_ACTIVITY_. Since the copy must hold text only, transcribe the data below exactly and omit the images.

_DATA IN THIS EXERCISE_.
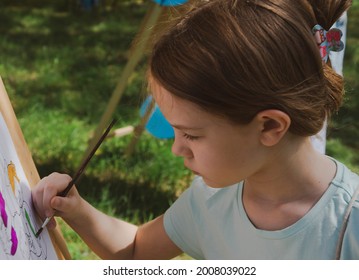 little girl 8-10 years old is painting on an easel diligently outdoors - Shutterstock ID 2008039022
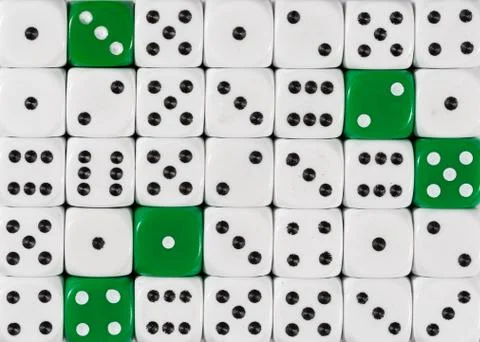 Background of random ordered white dices with five green cubes Stock Photos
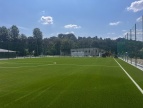 zielona murawa boiska otoczona drzewami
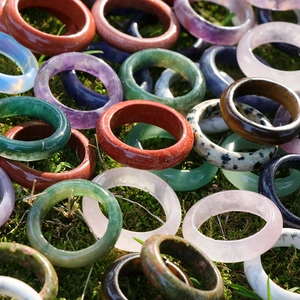Polished natural crystal and agate ring rings in various gemstones on moss background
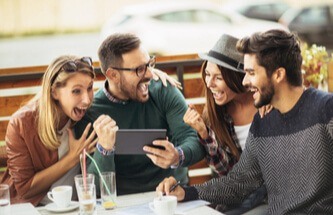 four friends gaming together on a tablet having fun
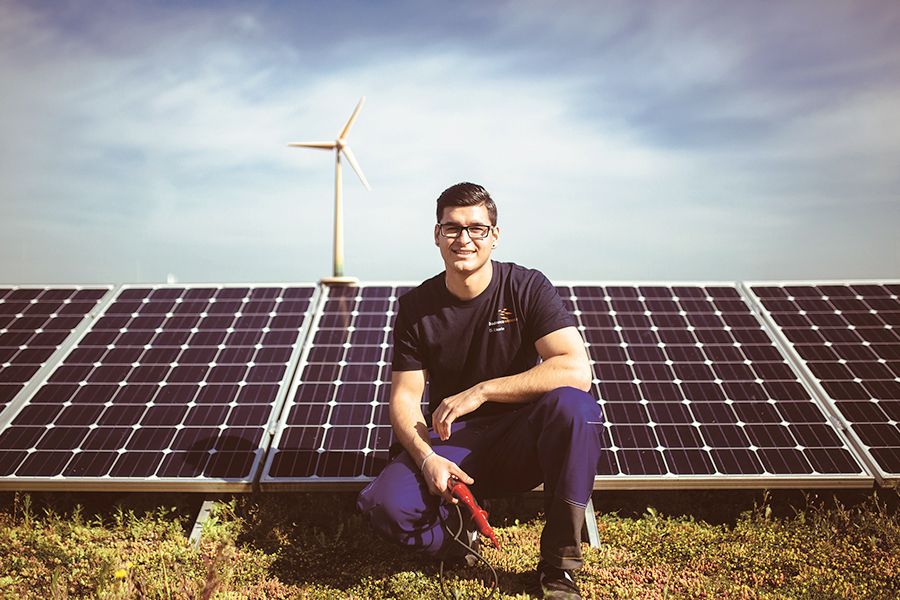 Ein Kollege der badenovaWÄRMEPLUS auf dem Dach des Hauptgebäudes am Standort Freiburg. Im Hintergrund: Photovoltaikanlage und Windräder.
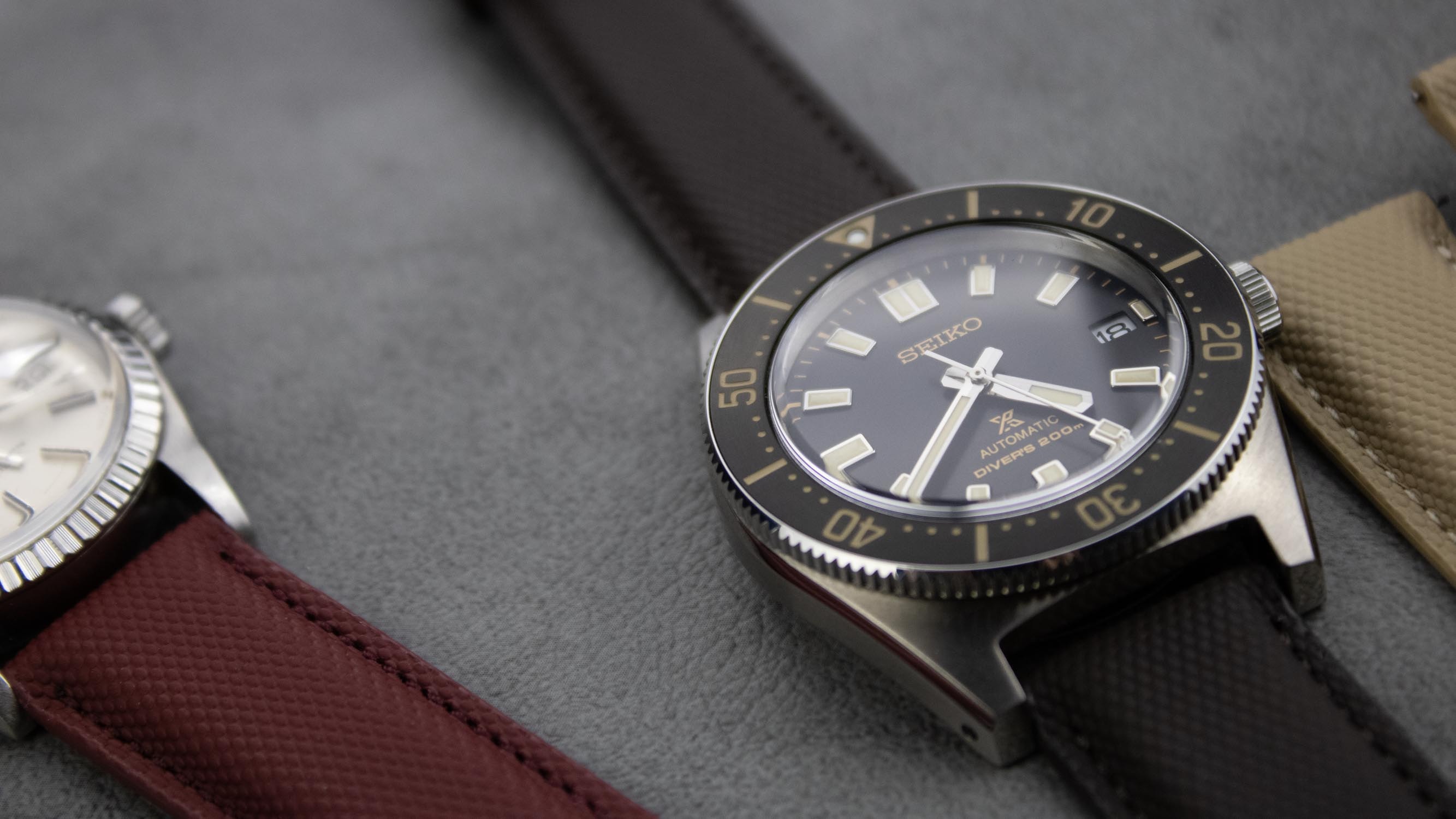 A close-up of a durable sailcloth watch strap showcasing its triple-layer construction.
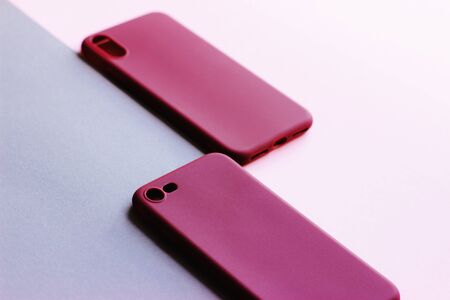 Two cases on the smartphone are on a gray-pink background. Silicone covers of red and delicate pink colors. Covers with holes for the camera.の写真素材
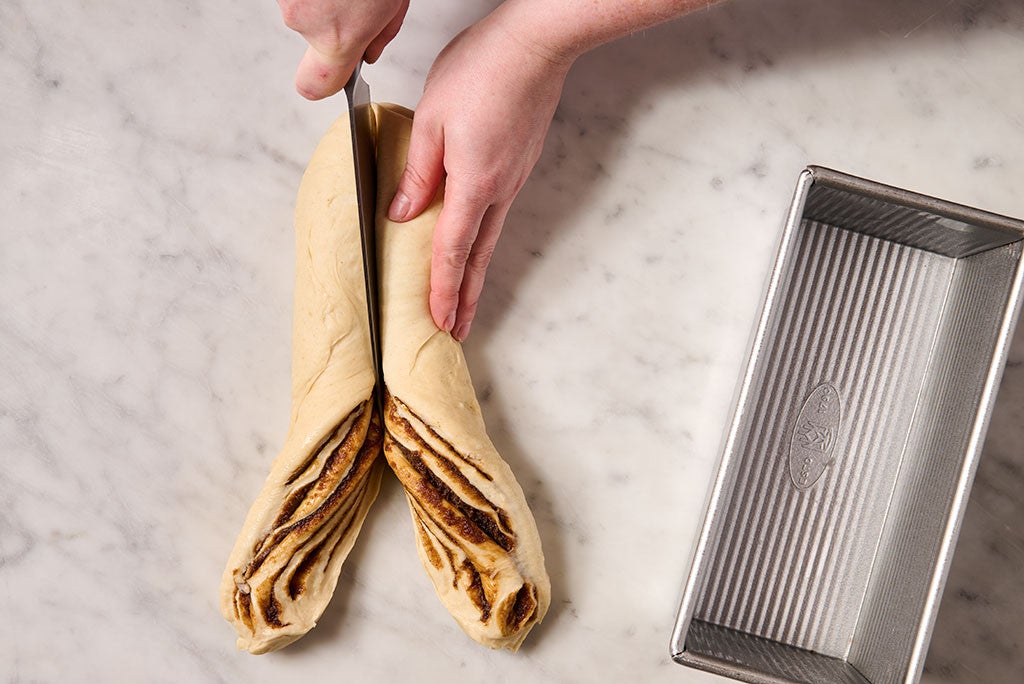 Cutting cinnamon babka dough in half with a knife
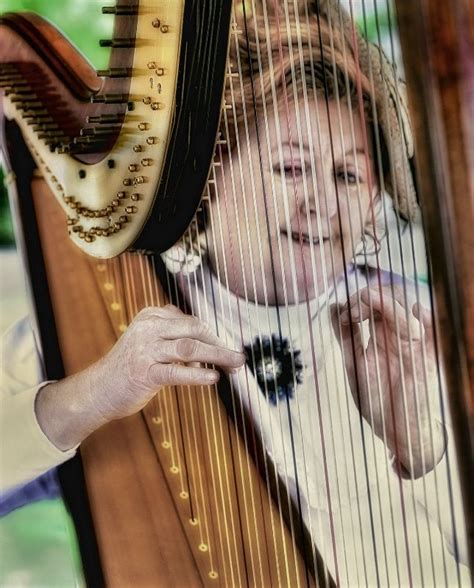 A Woman Holding A Harp And Smiling At The Camera With Her Hand On Its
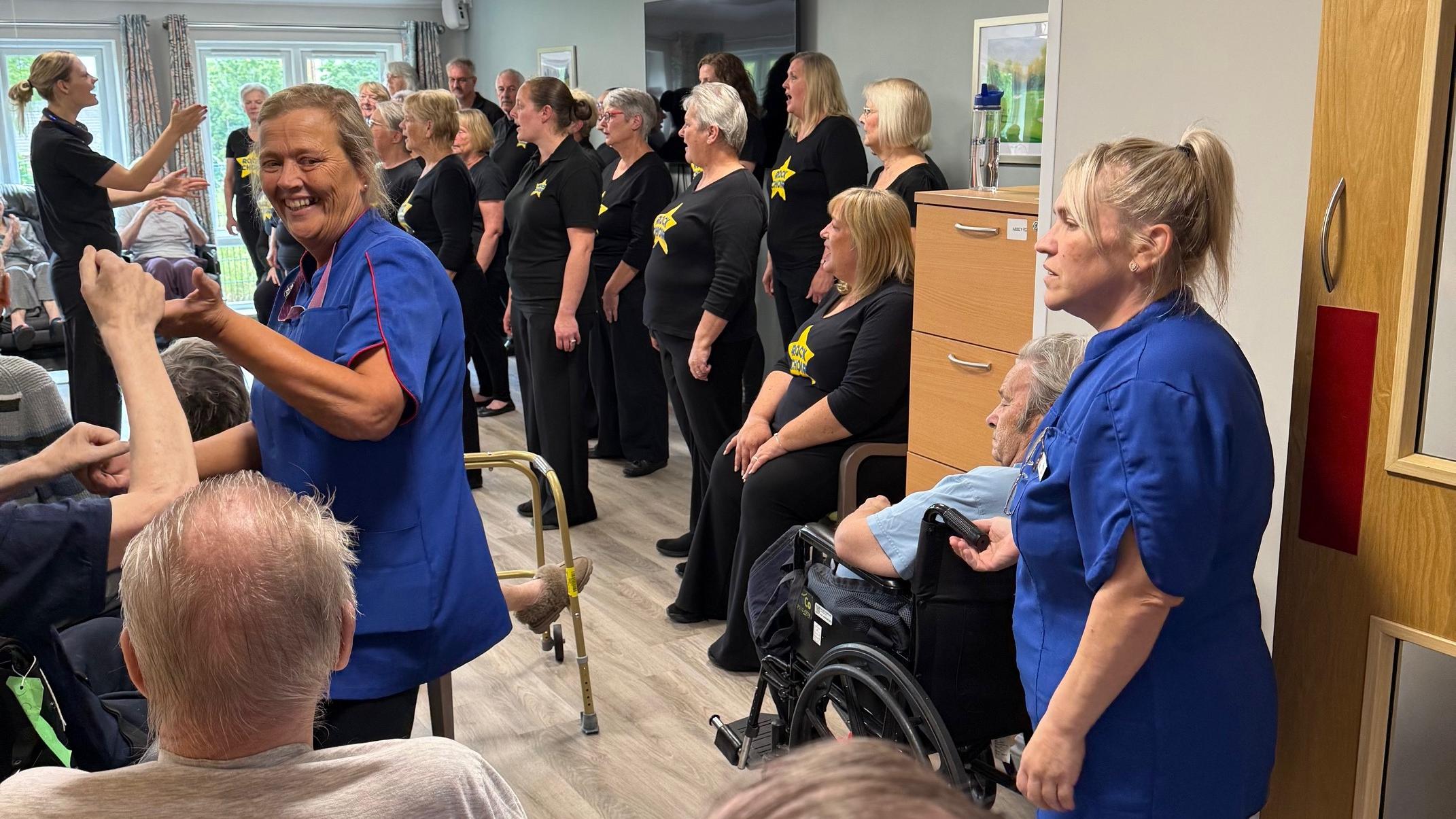 Tracey and Kelly join residents in the singing and dancing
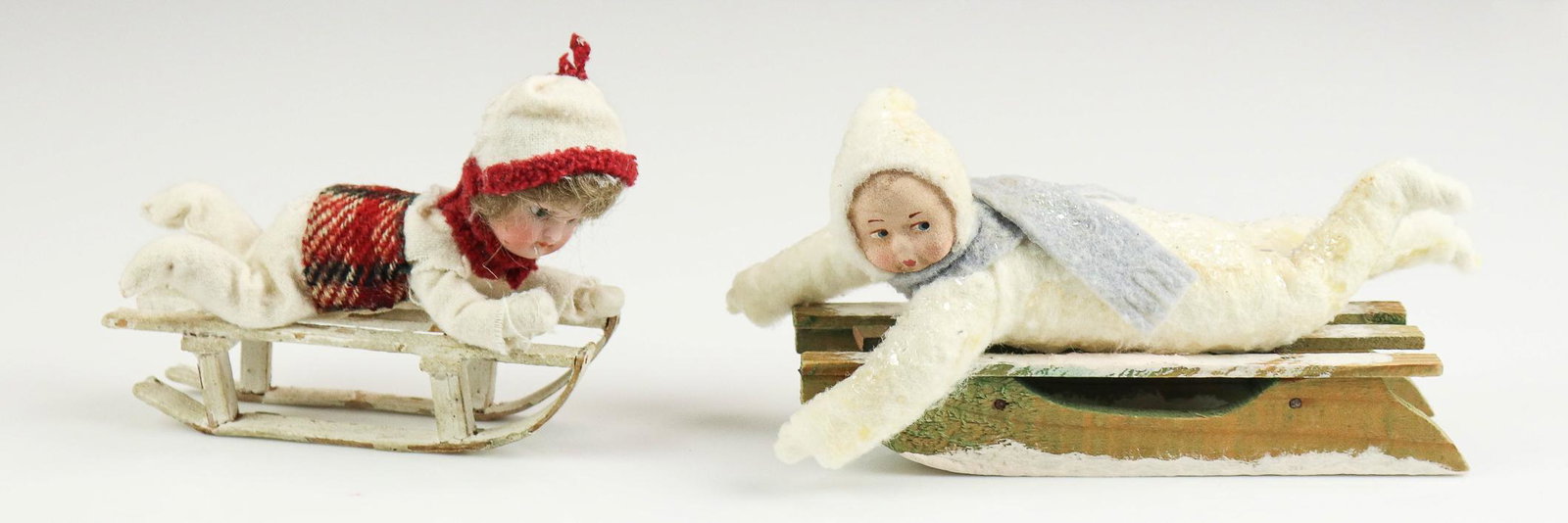 (2) Snowbabies on Sled Ornaments: (2) Snowbabies on sled ornaments to include Kramer and Reinhardt 1940's bisque head girl on sled ornament, 4-1/2" L and snowbaby child in white cotton suit on wood sled, 6-1/2" L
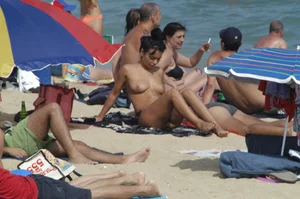 Topless girls on a beach in Barcelona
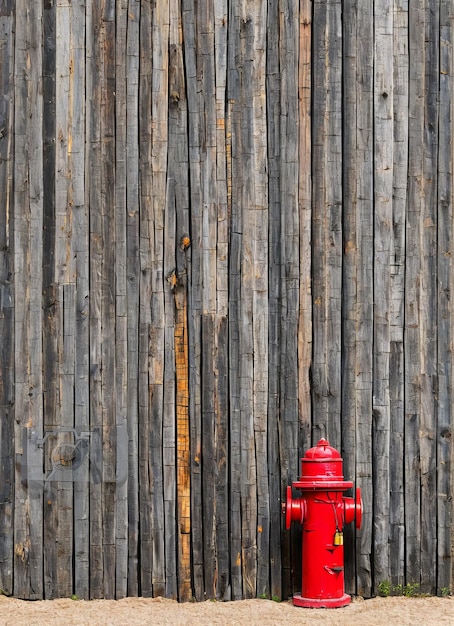 Een rode brandkraan staat voor een houten hek.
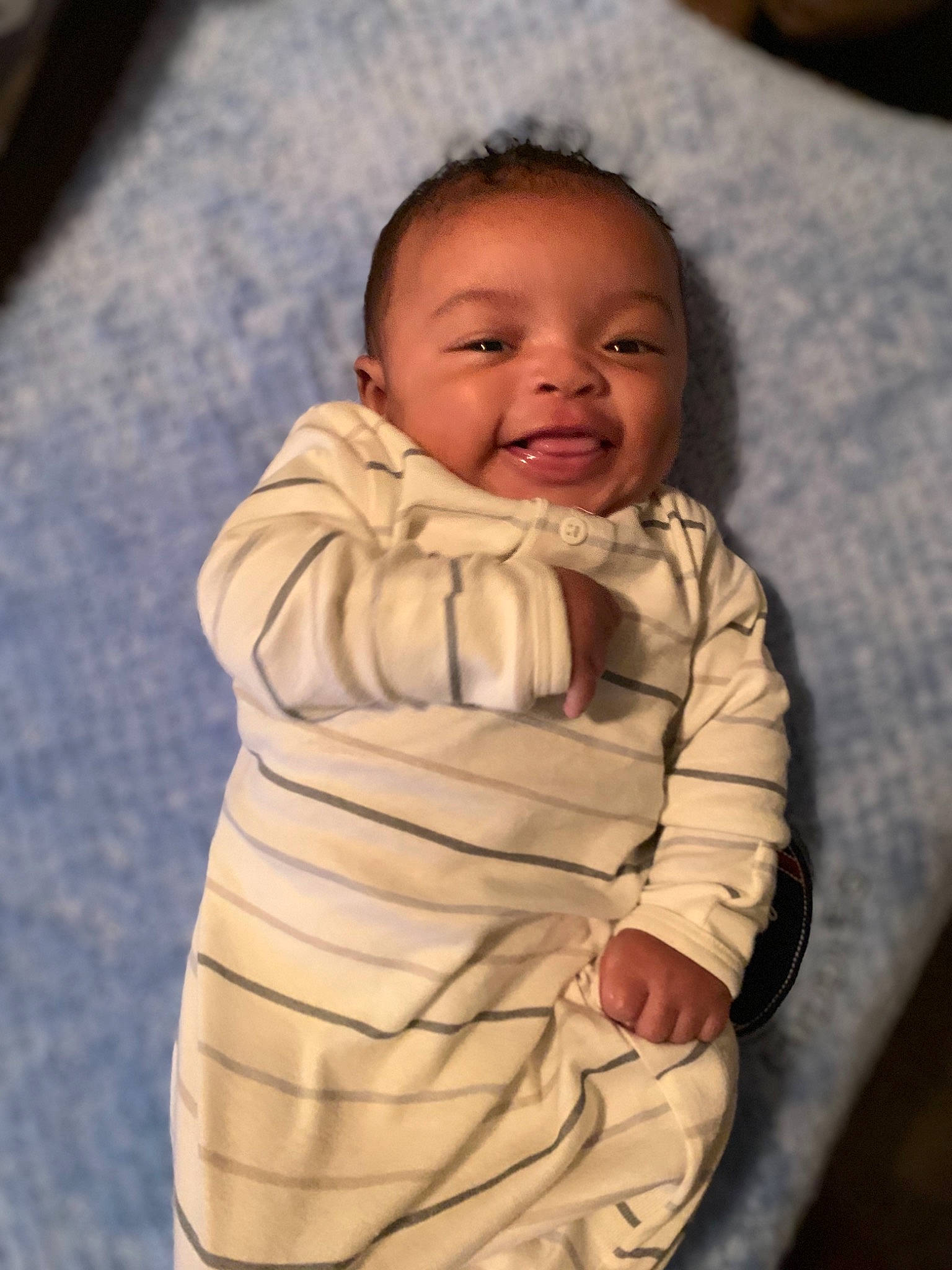 Kyaire is registered to the contest to win money with this photo: baby, baby_toddler_clothing, cheek, chin, comfort, eye, eyebrow, face, facial_expression, happy, head, iris, lip, mammal, mouth, nose, person, skin, sleeve, smile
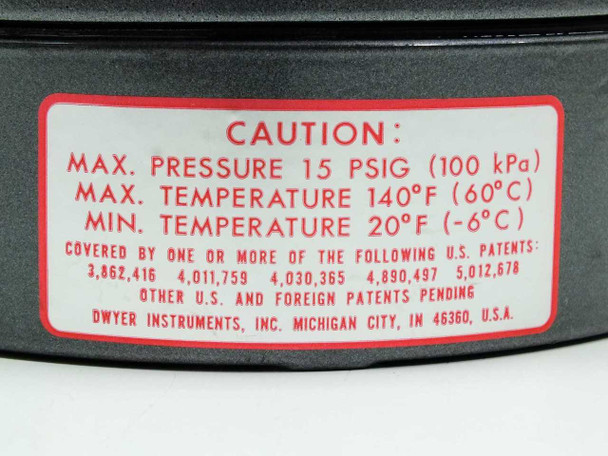 Dwyer Magnehelic 2000-0 C — caution label showing Max. Pressure 15 PSIG (100 kPa), Max. Temp 140°F (60°C), Min. Temp 20°F (-6°C), patent numbers, and Dwyer Instruments Michigan City IN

_YOUR RESPONSE_.
 little girl 8-10 years old is painting on an easel diligently outdoors - Shutterstock ID 2008039022
 Background of random ordered white dices with five green cubes Stock Photos
 zielona murawa boiska otoczona drzewami
Polished natural crystal and agate ring rings in various gemstones on moss background
 four friends gaming together on a tablet having fun
 Ein Kollege der badenovaWÄRMEPLUS auf dem Dach des Hauptgebäudes am Standort Freiburg. Im Hintergrund: Photovoltaikanlage und Windräder.
 A close-up of a durable sailcloth watch strap showcasing its triple-layer construction.
 Two cases on the smartphone are on a gray-pink background. Silicone covers of red and delicate pink colors. Covers with holes for the camera.の写真素材
 Cutting cinnamon babka dough in half with a knife
 A Woman Holding A Harp And Smiling At The Camera With Her Hand On Its
 Tracey and Kelly join residents in the singing and dancing
 (2) Snowbabies on Sled Ornaments: (2) Snowbabies on sled ornaments to include Kramer and Reinhardt 1940's bisque head girl on sled ornament, 4-1/2" L and snowbaby child in white cotton suit on wood sled, 6-1/2" L
 Topless girls on a beach in Barcelona
 Een rode brandkraan staat voor een houten hek.
 Kyaire is registered to the contest to win money with this photo: baby, baby_toddler_clothing, cheek, chin, comfort, eye, eyebrow, face, facial_expression, happy, head, iris, lip, mammal, mouth, nose, person, skin, sleeve, smile
 Dwyer Magnehelic 2000-0 C — caution label showing Max. Pressure 15 PSIG (100 kPa), Max. Temp 140°F (60°C), Min. Temp 20°F (-6°C), patent numbers, and Dwyer Instruments Michigan City IN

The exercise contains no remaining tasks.